Balinese etiquette and customs

Religious adherence and tradition permeates every aspect of daily life which makes Bali such a fascinating place to visit. It is very easy to immerse yourself in a little of this unique culture as there are colourful rituals and festivities to witness almost on a daily basis. Bali has been an immensely popular island retreat for decades and locals are well used to the different habits and attitudes of Western travellers. All the same, visitors should still employ common sense and show the same restraint and modesty as is expected in any Asian country.

Away from the beach, revealing dress is frowned upon and you should definitely cover up in more rural areas of the island. Public displays of affection are also to be avoided, although people will rarely make their feelings known. Bali should hold no fears for gay and lesbian travellers as there is a vibrant scene in the Legian and Seminyak area with plenty of bars and clubs.

You should always remember that the hectic resort of Kuta is far removed from average Balinese life. This is a hedonistic playground awash with scantily clad bar girls and public displays of drunkenness which is tolerated here but elsewhere in Bali attitudes are much more conservative.

The Balinese in general dislike any confrontation and tend to react indifferently to raised voices or threatening behaviour. Always bear this in mind when bargaining for goods and services and always try to keep the conversation good humoured.

Remember that you may be haggling over just a few thousand rupiah which to a foreign visitor is a tiny amount that is hardly worth losing sleep over.

One of the major irritants of Indonesian life is the distinct lack of punctuality and they have even coined a phrase for it. Jam karet translates as ‘rubber time’ and is present at every level. From a rendezvous with a Balinese friend, public transportation delays or even a business meeting, tardiness has become an art form.

Visiting a Hindu temple is a must during any break in Bali and learning a few simple rules on etiquette will certainly make it a more rewarding experience. Everyone who enters a temple must wear a sarong and sash and at the most popular temples there is always a few kiosks who rent them out for a few thousand rupiahs. Donations are expected and always ask permission before taking photographs as some places strictly forbid this. Those that do allow it may charge an extra couple of thousand rupiah for the privilege.

Flamboyant annual festivities take place at all temples along with huge island wide celebrations such as Nyepi and Galungan. Visitors are most welcome to attend and experience the wonderful atmosphere but are requested to keep a polite distance and not to interfere with praying or processions.

Balinese people are very sociable and will freely strike up a conversation with a complete stranger. Don’t be surprised if a casual chat turns into an open invitation for dinner at a local home. Indonesians are always keen to learn of life in the West if only to dispel the long held preconceptions that every foreign visitor is extremely wealthy.

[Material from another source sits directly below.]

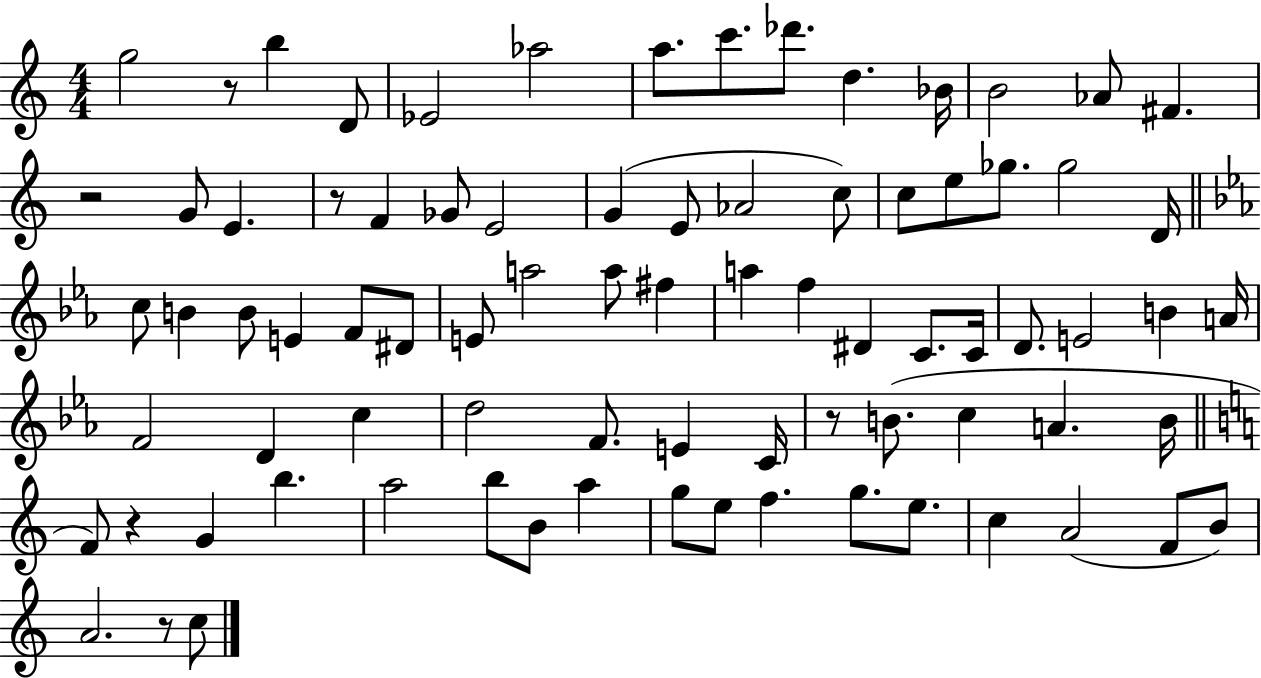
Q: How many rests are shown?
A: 6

There are no special considerations for eating out in Bali as tipping etiquette here is similar to many places around the world. Tipping is not compulsory although ten per cent is considered a sufficient amount for a decent meal. Many tourist-orientated eateries already impose a service charge of ten per cent and in upmarket restaurants and hotels this could add up to a combined 21 per cent tax and service charge. Other areas to consider rewarding good service include tour guides, hotel room service and taxi drivers.